Westminster’s mentality can best be summed up in two words. Waterloo teeth. Teeth – actual teeth – which were raked for years from the mouths of those British soldiers who died defeating Napoleon, in Belgium; soldiers who’s memory was defiled by anyone who did not participate and get their false teeth made from the mouths of soldiers slain at Waterloo. Poppies? Much more sustainable.

Or, if you prefer – why pay them what they warrant when we can get them to do what we want at the cost of their lives and then make money selling souvenirs of their sacrifice?

Our Remembrance Poppy is helping the UK government avoid the responsibility of caring for the distress they themselves have created for too many years.

Our 16 and 17 year olds – ha! naïveté! Our 12 and 13 and 14 and 15 year olds – are being targeted for military service by a government which sees national service as a cure for a whole catalogue of their own sins.

We’re being made to take part in a national exercise in Daily Mail hysteria for the brave men of the trenches – all long-dead now – who’s most sincere collective wish was that wars would stop; Westminster politicians will put wreaths on their graves, but they won’t stop committing war, they won’t stop the dying of our soldiers, and they don’t want to provide for those who managed to survive whatever hellhole Westminster ordered them into. Why should they? None of David Cameron’s children will ever be in the front-line.

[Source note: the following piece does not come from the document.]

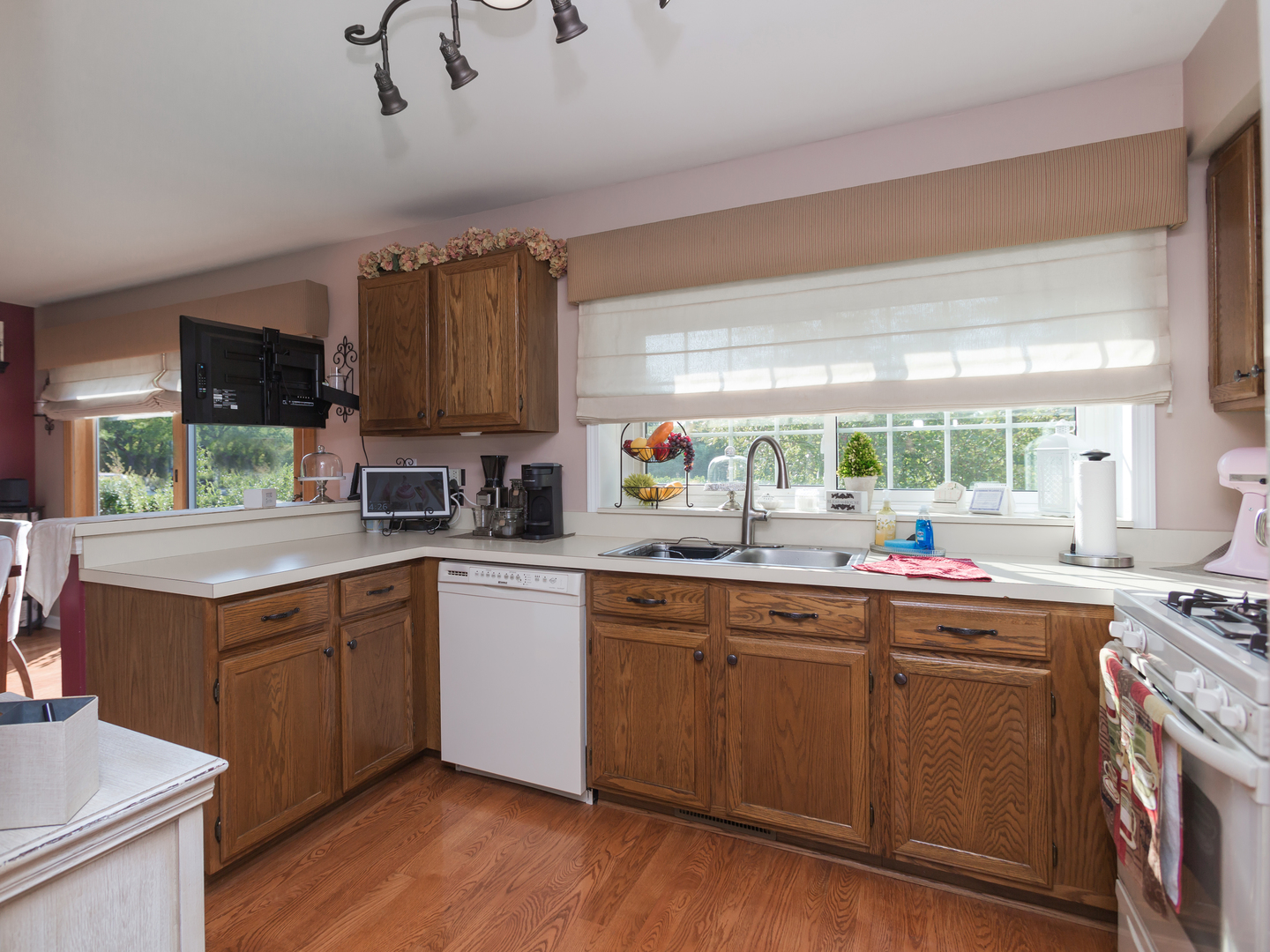 21 E Shag Bark Lane, Streamwood, IL 60107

Years ago, there was a white poppy. It’s near-forgotten now, but it recognised the bravery, the sacrifice, the death, of all those young men, and expressed the same gratitude toward them. It also said “Enough is enough”. You almost never see it now.

We aren’t supposed to expect a war end to all wars anymore. We just routinely fight those wars which, we’re told, prevent ‘real’ wars coming close or blowing our houses down. Don’t ask why we fight them, or why those wars keep getting closer. That’s not important. Don’t ask what happens to our sons. For them, for everyone, there’s charity. As optimistic and as gloomy as “missing”.

What price a “love all UK servicemen, hate all UK wars” Saltire poppy? At the very least, next year, Nigel Farage won’t be standing in Horseguards Parade, wearing one.